ADP Quality Assurance Approach¶
This document outlines the QA approach for the Azure Developer Platform (APD). The objective of the quality assurance is to ensure that all business applications developed and hosted on the ADP meet DEFRA's standards of quality, reliability and performance.
The Quality Assurance approach follows the traditional QA Pyramid that modes how software testing is categorised and layered.
Guidelines¶
- All Testing Tooling that is used has to have been approved by the DEFRA Tools Authority
- Test Results must confirm to the agreed DEFRA standards e.g. 90% code coverage for unit tests.
Selected Tools¶
Below are the tools that are currently supported on the ADP
Type of Test | Tooling |
---|---|
Unit Testing | "C# NUnit/ xUnit, Nsubstitute: NodeJS: Jest |
Functional/Acceptance | WebDriver.IO |
Security Testing | "OWASP ZAP (Zed Attack Proxy) |
API Testing (Contract Testing) | PACT Broker |
Accessibility Testing | AXE Lighthouse? |
Performance Testing | JMeter, BrowserStack. Azure Load Testing is under consideration |
Exploratory Testing (Manual) | ADO Test Plans |
How to create Tests in the ADP¶
Development teams use the ADP Portal to scaffold a new service using one of the exemplar software templates (refer to How to create a platform service). Based on the template type (frontend or backend), basic tests will be included that the teams can build on as they add more functionality to the service.
The ADP Platform provides the ability to execute the above tests. These tests are executed as post deployment tests. The pipeline will check for the existence of specific docker-compose test files to determine if it can run tests. Refer to the how-to-guides for the different types of tests.

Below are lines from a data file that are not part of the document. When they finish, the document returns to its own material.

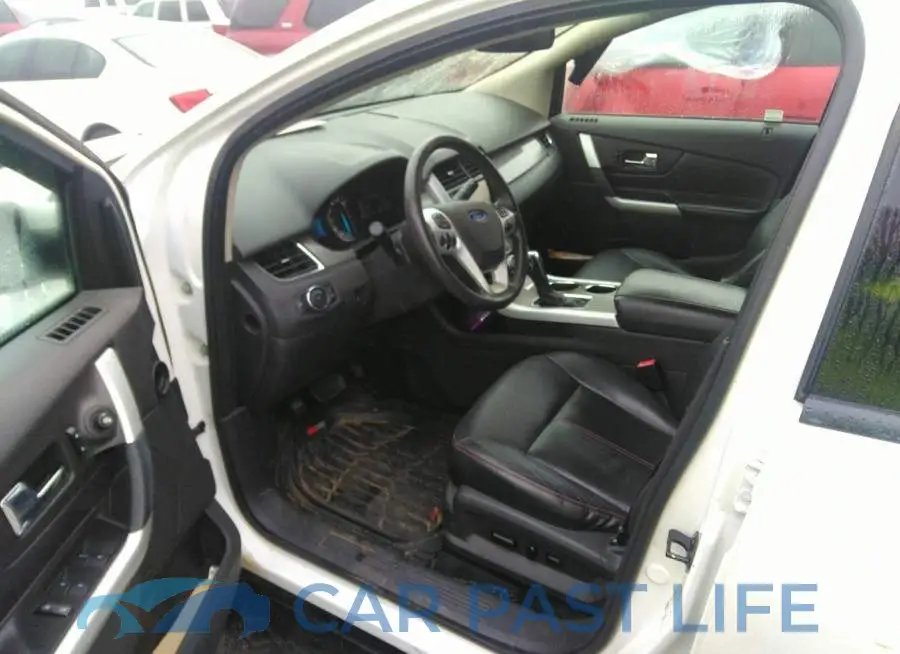 2FMDK4JC4EBA98284# 5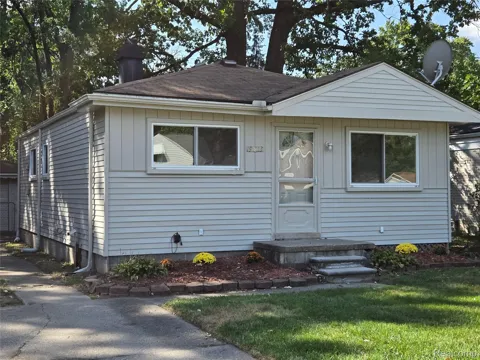 19813 INKSTER ROAD W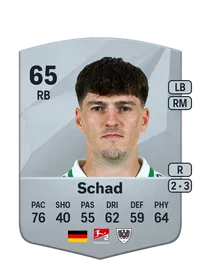 Dominik Schad FIFA Ultimate Team Coins Kaufen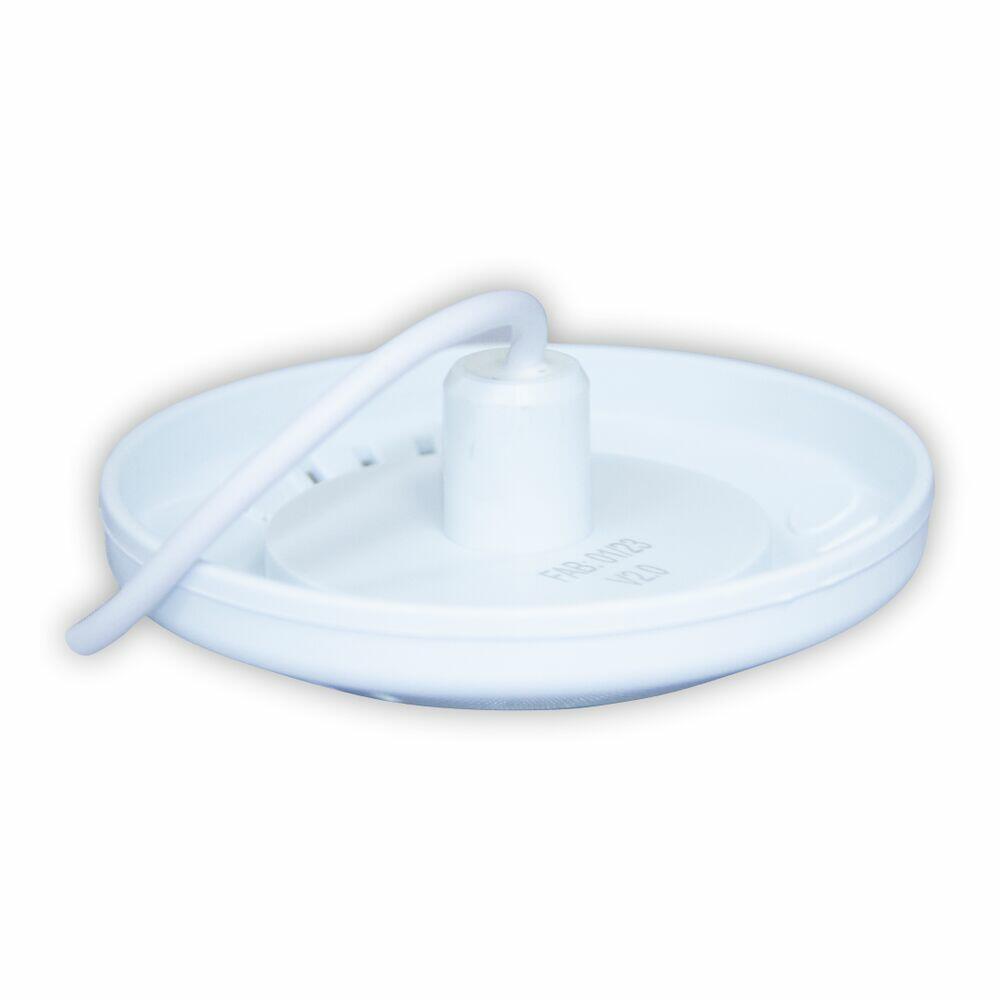 Dispositivo de Led 9W 10cm Hidrofama
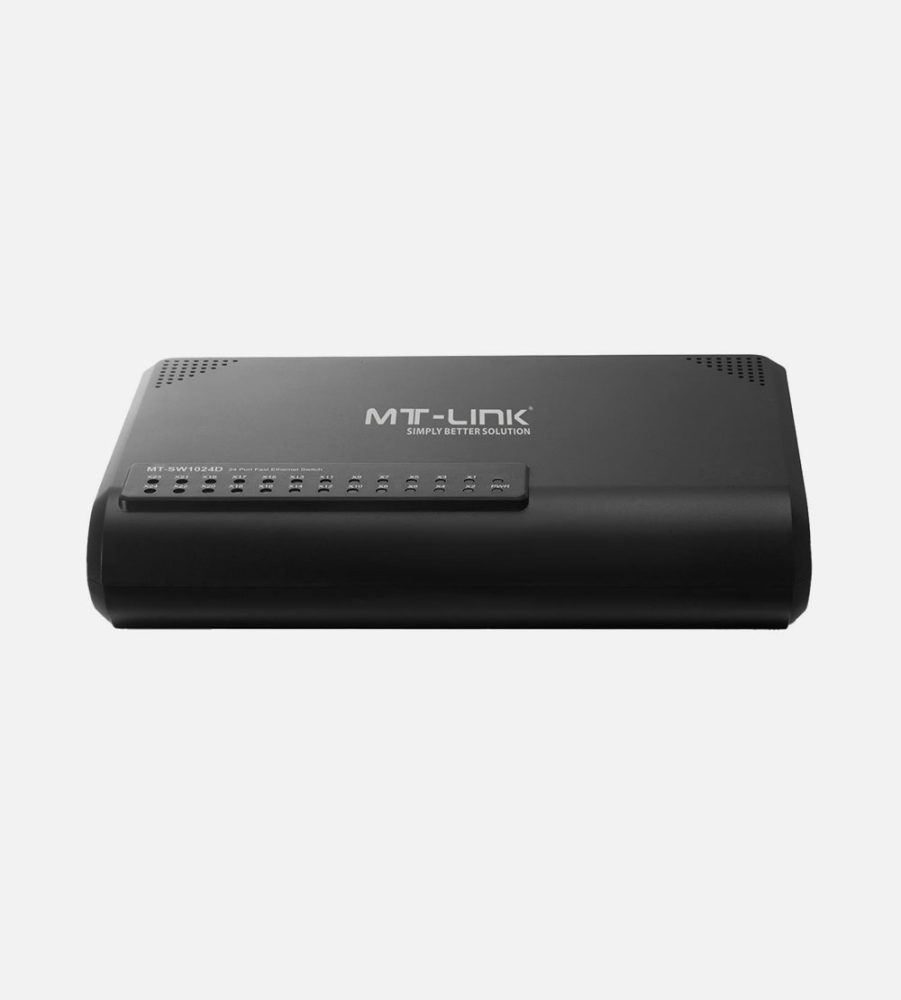 Mt Link Router Options Switches – MT-Link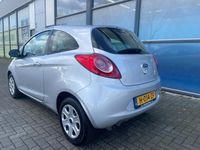 tweedehands Ford Ka 1.2 Style start/stop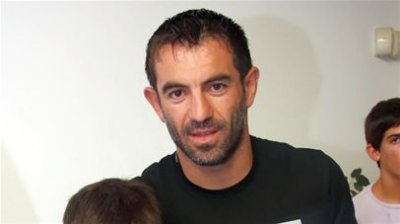 ΓΙΩΡΓΟΣ ΚΑΡΑΓΚΟΥΝΗΣ: «Έχω πίστη στον Ρανιέρι»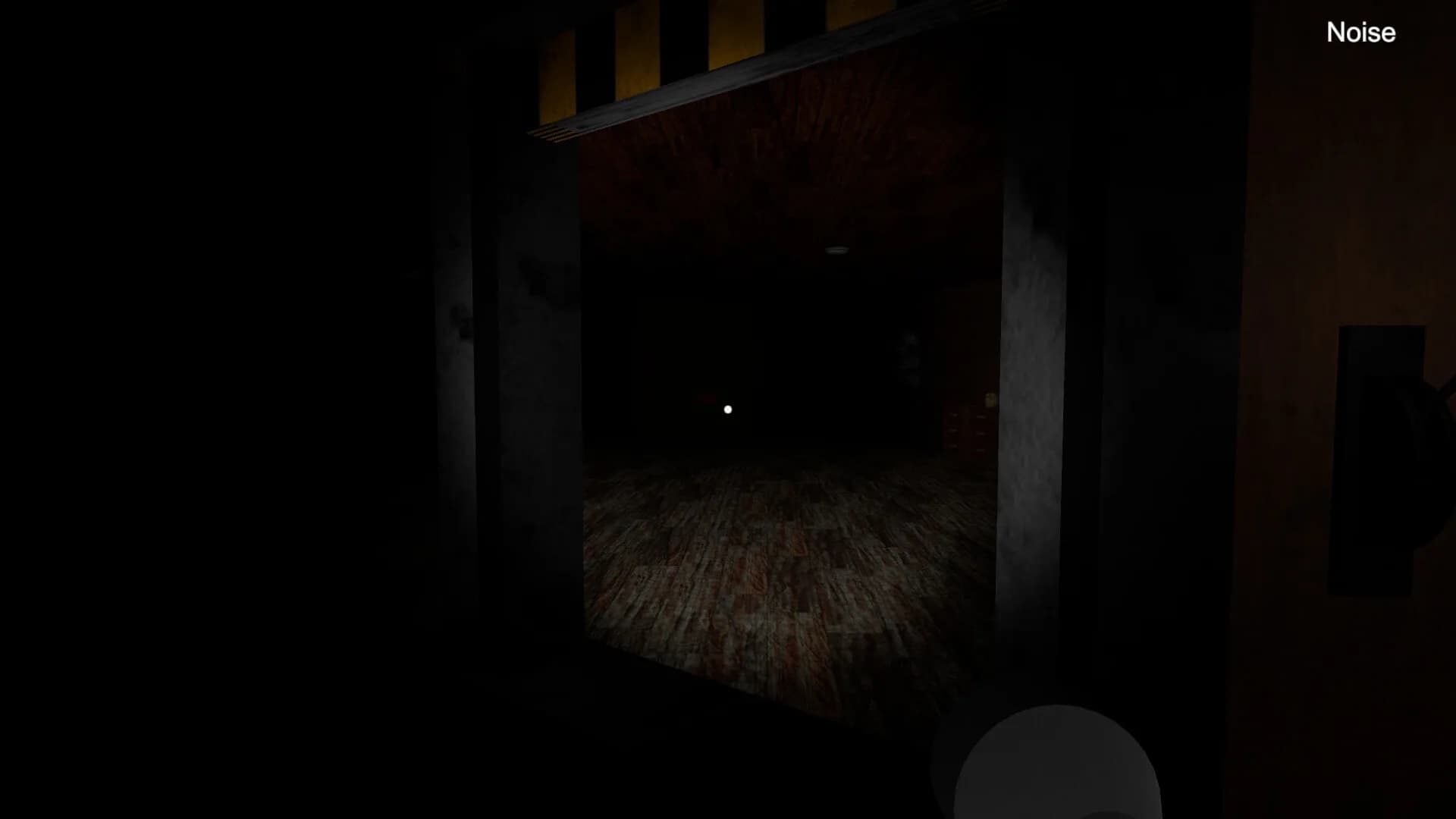 Behind You görsel 2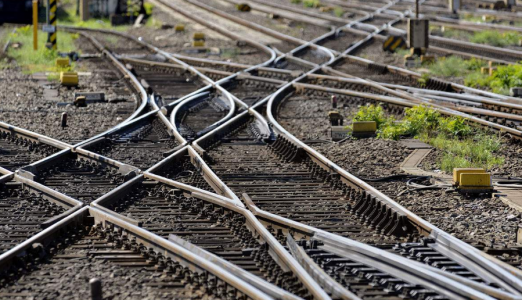 RFID铁路巡检管理系统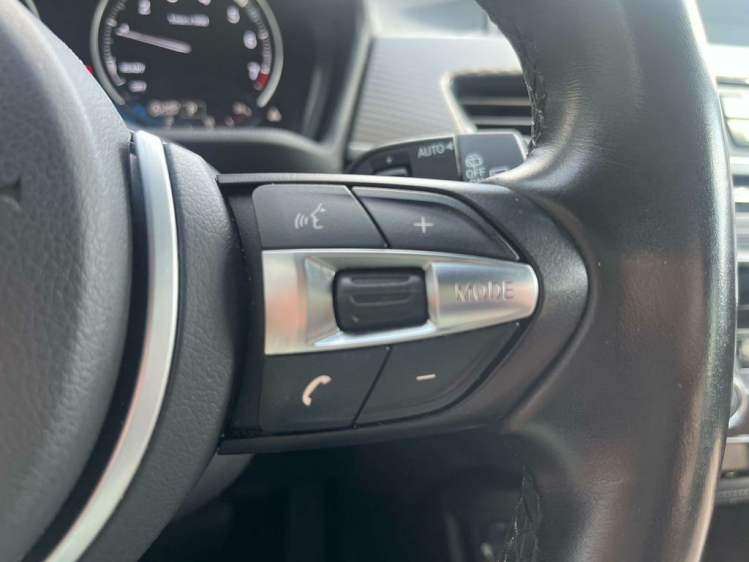 BMW X2 1.5iA sDrive18 M-Pack Pano/LED/HUD/Camera/Leder/.. Leconte Motors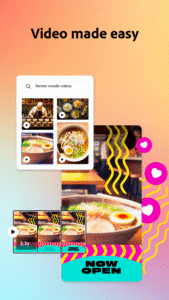 Adobe Express (Beta) 28.2.2-beta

However, it is the responsibility of the delivery projects to ensure that the business services they are delivering have written sufficient tests for the different types of tests that meet DEFRA's standards.
Unit Tests¶
The supported programming frameworks are .NET/C# and NodeJS/Javascript.
The unit tests are executed in the CI Build Pipeline. SonarQube analysis has been integrated in the ADP Core Pipeline Teplate to ensure the code conforms to the DEFRA quality standards.
Links to the SonarCloud analysis, Synk Analysis will available in the component page of the service in the ADP Portal.
Functional/Acceptance Testing¶
These end-to-end tests for internal (via Open VPN) or public endpoints for frontends and APIs.
Refer to the Guide on how to create an Acceptance Test
Performance Testing¶
These tests should be executed against internal (via Open VPN) or public endpoints for frontends and APIs. Docker is used with BrowserStack to execute the peformance tests.
As a pre-requisite, Non Functional Requirements should be defined by the delivery project to set the baseline for the expected behavior e.g. expected average API response time, page load duration.
There are various types of performance tests.
- Load tests access the peformance of the service under a typical and peak load
- Stress Load tests are intended to test the limits of the service.
- Spike tests are similiar to stress load tests, however, they test the service with sudden surges in traffic.
- Soak tests verify the reliability of the system over a long period time.
Refer to the Guide on how to create a Performance Test
Accessibility Testing¶
These tests verify that the all DEFRA public websites/business services are in compliance with WCAG 2.2 AA accessibility standard
Refer to the guidiance on Understanding accessibility requirements for public sector bodies
Security Testing¶
SonarQube Security Testing has been incorporated into the CI Build Pipeline. In addition to that, OWASP ZAP is executed as per of the post deployment tests.